Bill MсCollum, Attorney General, and Bryan Jordan, Assistant Attorney General, Tallahassee, for Appellant.
Terry N. Silverman, Gainesville, for Appellee.
WEBSTER, J.
The state seeks review of an order granting appellee's motion, made in his criminal prosecution for conspiracy to manufacture methamphetamine, to suppress evidence and statements. We have jurisdiction. Art. V, § 4(b)(1), Fla. Const. (granting to district courts of appeal jurisdiction to "review interlocutory orders . . . to the extent providеd by rules adopted by the supreme court"); Fla. R.App. P. 9.140(c)(1)(B) (permitting appeals by the *656 state of "order[s] . . . suppressing before trial confessions, admissions, or evidence obtained by search and seizure"). We conclude that the trial court erroneously failed to apply the correсt law and that, upon application of the correct law, no violation of appellee's Fourth Amendment rights occurred. Accordingly, we reverse.
The pertinent facts are not in dispute. Law enforcement personnel who were members of a "Tri-County Drug Task Force" learned from two people (Garrison and Hines) who were involved in the manufacture of methamphetamine that appellee was also manufaсturing methamphetamine; that Garrison and appellee were involved in a "feud" over the theft by appellee of anhydrous ammonia, a сhemical used to make methamphetamine; and that Garrison had intended to place a bomb in appellee's house.
Between eight аnd ten members of the task force went to appellee's house. According to the leader of that group, although they had no reason to believe that a bomb had actually been placed or "exigent circumstances" to support going onto appellee's property, they went to appellee's house both to warn appellee of the threat that had been made against appellee and to investigate the possibility that appellee was manufacturing methamphetamine. Appellee's yard was not fenced, although it may havе been posted with "No Trespassing" signs. As the task force leader approached appellee's front door, he smelled odors of аnhydrous ammonia and ether, which he knew were consistent with the manufacture of methamphetamine. Based upon those odors, the task force leader arrested appellee as soon as appellee opened the front door. He then told appellee about the bomb plot. Because the task force had been led to believe that another individual was involved in helping appellee makе methamphetamine, they conducted a "protective sweep" of the house. It was immediately apparent that a methamphetamine lab had been in operation. At that point, the house was secured and the leader of the task force went to obtain a search warrant.
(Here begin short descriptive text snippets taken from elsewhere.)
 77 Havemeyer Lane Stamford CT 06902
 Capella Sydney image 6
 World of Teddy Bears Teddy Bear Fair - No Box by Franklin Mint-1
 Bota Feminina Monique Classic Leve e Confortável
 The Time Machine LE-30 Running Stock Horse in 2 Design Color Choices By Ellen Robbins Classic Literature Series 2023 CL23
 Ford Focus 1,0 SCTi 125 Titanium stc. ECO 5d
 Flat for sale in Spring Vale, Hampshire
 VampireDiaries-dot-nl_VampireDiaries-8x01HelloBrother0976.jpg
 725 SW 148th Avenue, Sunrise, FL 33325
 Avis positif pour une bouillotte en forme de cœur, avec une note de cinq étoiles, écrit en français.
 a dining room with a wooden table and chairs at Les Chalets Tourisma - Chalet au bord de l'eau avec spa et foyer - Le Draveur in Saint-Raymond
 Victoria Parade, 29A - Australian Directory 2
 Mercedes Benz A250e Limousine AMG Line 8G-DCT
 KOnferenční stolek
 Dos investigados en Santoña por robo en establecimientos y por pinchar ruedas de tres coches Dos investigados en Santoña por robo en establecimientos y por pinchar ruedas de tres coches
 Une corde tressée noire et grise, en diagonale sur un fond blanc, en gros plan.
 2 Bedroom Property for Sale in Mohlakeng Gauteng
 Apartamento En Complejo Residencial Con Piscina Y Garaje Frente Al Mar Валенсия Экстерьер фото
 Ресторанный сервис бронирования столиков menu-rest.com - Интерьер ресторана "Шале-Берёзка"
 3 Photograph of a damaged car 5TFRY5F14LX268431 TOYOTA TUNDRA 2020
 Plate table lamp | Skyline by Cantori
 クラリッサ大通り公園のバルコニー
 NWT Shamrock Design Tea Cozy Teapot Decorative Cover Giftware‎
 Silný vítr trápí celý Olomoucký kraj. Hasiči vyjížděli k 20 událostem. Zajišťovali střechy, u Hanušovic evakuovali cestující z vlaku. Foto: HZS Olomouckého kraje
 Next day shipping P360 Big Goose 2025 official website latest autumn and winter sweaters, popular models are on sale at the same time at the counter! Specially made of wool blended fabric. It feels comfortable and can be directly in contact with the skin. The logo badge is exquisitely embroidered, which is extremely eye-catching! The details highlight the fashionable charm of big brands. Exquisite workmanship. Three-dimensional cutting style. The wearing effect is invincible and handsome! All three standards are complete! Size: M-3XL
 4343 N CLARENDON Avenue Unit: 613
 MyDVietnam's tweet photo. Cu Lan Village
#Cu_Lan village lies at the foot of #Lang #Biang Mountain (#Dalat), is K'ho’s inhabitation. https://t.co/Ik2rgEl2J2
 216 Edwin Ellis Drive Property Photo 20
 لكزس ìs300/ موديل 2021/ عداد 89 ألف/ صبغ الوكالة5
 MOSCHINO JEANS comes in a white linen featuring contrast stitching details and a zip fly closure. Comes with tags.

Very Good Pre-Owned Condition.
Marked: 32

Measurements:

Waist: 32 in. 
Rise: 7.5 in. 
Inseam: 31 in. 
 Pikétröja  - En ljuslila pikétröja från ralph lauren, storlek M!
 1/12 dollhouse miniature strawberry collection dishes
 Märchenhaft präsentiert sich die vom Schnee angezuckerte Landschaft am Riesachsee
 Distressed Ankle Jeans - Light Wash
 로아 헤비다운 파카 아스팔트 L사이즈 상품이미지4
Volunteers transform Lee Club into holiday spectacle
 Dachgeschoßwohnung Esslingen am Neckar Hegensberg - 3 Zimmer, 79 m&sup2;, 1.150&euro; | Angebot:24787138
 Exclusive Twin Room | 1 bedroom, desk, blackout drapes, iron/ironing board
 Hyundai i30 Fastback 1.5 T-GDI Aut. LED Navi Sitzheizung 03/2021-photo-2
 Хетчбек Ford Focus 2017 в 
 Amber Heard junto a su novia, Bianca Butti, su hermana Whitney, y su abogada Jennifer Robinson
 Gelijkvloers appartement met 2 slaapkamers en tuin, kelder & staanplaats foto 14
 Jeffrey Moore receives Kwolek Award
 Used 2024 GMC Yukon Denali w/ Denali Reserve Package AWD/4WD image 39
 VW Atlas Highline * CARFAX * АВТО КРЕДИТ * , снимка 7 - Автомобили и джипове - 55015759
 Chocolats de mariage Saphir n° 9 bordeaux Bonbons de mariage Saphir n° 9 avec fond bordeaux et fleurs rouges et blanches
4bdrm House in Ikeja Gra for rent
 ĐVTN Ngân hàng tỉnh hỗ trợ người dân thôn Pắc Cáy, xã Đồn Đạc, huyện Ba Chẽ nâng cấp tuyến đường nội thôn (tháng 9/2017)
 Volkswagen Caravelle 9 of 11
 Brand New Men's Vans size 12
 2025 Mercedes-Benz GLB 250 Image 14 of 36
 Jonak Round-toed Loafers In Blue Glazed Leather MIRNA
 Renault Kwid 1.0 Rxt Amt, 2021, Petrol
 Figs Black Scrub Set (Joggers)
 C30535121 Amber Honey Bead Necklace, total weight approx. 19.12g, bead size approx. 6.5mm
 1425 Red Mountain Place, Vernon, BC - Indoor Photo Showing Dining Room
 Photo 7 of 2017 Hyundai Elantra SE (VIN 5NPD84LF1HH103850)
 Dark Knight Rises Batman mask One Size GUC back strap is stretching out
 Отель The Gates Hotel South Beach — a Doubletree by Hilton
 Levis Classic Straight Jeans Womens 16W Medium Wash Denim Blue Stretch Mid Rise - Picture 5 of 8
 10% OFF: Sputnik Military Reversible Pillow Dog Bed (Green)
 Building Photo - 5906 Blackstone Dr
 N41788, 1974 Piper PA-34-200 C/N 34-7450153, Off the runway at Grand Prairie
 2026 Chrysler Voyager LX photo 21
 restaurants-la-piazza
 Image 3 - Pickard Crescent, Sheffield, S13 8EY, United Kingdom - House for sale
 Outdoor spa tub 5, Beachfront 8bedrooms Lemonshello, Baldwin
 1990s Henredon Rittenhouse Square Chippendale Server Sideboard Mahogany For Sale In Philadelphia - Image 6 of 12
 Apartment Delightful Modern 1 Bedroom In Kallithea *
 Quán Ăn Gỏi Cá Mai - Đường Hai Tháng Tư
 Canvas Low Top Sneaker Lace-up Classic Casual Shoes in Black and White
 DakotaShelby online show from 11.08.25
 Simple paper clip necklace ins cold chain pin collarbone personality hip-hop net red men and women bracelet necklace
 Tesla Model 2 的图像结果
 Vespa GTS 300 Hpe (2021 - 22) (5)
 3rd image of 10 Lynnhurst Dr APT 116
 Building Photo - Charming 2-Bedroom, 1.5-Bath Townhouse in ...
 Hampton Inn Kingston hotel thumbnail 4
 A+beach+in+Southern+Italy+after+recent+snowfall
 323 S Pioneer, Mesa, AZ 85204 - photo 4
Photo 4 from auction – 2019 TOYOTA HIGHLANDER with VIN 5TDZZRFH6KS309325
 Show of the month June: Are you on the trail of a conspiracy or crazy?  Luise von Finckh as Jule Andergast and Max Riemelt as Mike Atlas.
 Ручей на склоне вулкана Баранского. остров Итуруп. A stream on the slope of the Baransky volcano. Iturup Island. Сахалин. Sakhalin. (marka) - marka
Both in his motion to suppress and at the hearing on that motion, the only argument made by appellee was that his Fourth Amendment rights had been violatеd because the law enforcement officers went onto his property without either a warrant or "exigent circumstances." He argued that еxigent circumstances did not exist because the real reason the task force had gone onto his property was to investigate the pоssibility that he was manufacturing methamphetamine, and that the claim that the task force went there to warn him about the bomb threat was nothing more than а pretext. The state responded that suppression was not appropriate because the law enforcement personnel wеre lawfully on appellee's property and the odors of anhydrous ammonia and ether detected as they approached thе front door provided probable cause for appellee's arrest and the ensuing protective sweep of the house. The trial court found that the claim that the task force had gone to appellee's house principally to warn him about the bomb threat was a prеtext, and that the real reason the task force had gone onto appellee's property was to investigate the possibility that appellee was manufacturing methamphetamine. Based on that finding, the trial court held that exigent circumstances did not exist to permit the task force to go onto appellee's property without first obtaining a search warrant and that, as a result, appellee's Fourth Amendment rights had been violated. Accordingly, it granted the motion to suppress. This appeal follows.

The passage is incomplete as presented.